Die Zeichen stehen auf Sturm am Montag. Vor der LSE-Veranstaltung haben Linke zu einer Protestdemo gegen den Mann mit „widerlichen, rassistischen, antisemitischen und islamfeindlichen Ansichten“ aufgerufen. Im „Independent“ bittet eine „Antifaschistin“ die britische Regierung darum, den Ex-Banker von der Insel zu deportieren und nie wieder hineinzulassen. Bis zum Abend haben 100 deutsche Wissenschaftler in London einen Protestbrief an die LSE unterzeichnet mit der Forderung, die Debatte mit Sarrazin abzusagen, der alle Muslime als „Schwachköpfe“ bezeichnet haben soll.
Keine einfache Premiere im Mutterland der Demokratie für den erfolgreichen Sachbuch-Polemiker. Die eingeladenen Integrationstheoretiker müssen sich noch mehr wundern, als ihnen vor Beginn der Debatte plötzlich eine Gruppe mit dem Namen „Freie Meinungsäußerung“ den Zutritt zum LSE-Hörsal verwehrt. Um einen Konflikt zu vermeiden, weichen einige Hundert Zuhörer „aus Sicherheitsgründen“ ins Waldorf Hilton aus. Dort will zunächst ein Student eine Erklärung der Veranstalter zur brisanten Diskussion abgeben. Er kommt jedoch nicht zu Wort. „Faschisten“, schreit verärgert der junge Mann.
Deutschland schafft sich wieder ab – diesmal in London. Da die brisante Diskussion nicht auf deutschem Boden geführt werden muss, verabschiedet sich die Runde schnell von Politkorrektheit. Sarrazin wettert gegen „falsche Türken“ in Deutschland, die nur hinter der Sozialhilfe her seien, die es in ihrer Heimat nicht gebe. Mit dem Argument, dass auch die Hindus in Deutschland keine Witwen verbrennen dürften, spricht Henryk Broder den Muslimen in Berlin das Recht auf Gebetsräume in den Schulen ab. „Die Vielfalt der Kulturen ist eine Bereicherung, Monokulturen sind langweilig“, widerspricht Ali Kizilkaya. „Die Einwanderung stellt unsere Identität in Frage“, beharrt Sarrazin. „Deutschland, das ich liebe, schafft sich ab – so wie dieser Winter unaufhaltsam vergeht“.

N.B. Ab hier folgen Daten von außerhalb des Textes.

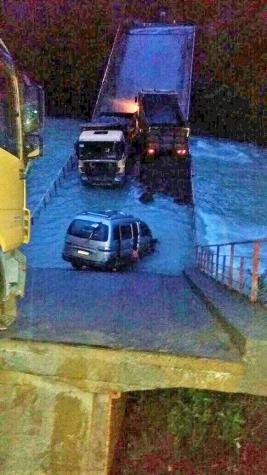 Aysén: puente se derrumba y deja dos heridos graves y cuatro vehículos atrapados en el río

Europa sei verloren, glauben die Experten auf der Bühne. Denn die Muslime wollten und könnten sich nicht integrieren, was „objektive Spannungen“ verursachen werde. Später in der Debatte wird Hellmuth Karasek vor dem „Untergang des Abendlandes“ kapitulieren: „Ich bin so alt, das Schlimmste werde ich nicht mehr erleben“. Er habe sich bereits eine Burka gekauft, eröffnet Broder: „Sie liegt in meinem Wäscheschrank“. Die Diskrimination der Minderheiten sei etwas ganz Normales, hören die teils verblüfften, teils erbosten Zuschauer von deutschen Gästen. „Warum muss ich mich assimilieren, meine Kultur aufgeben, die Identität verlieren, in der Mehrheit aufgehen?“ Am Ende bleibt dieser Aufschrei des Islamvertreters Kizilkaya unbeantwortet.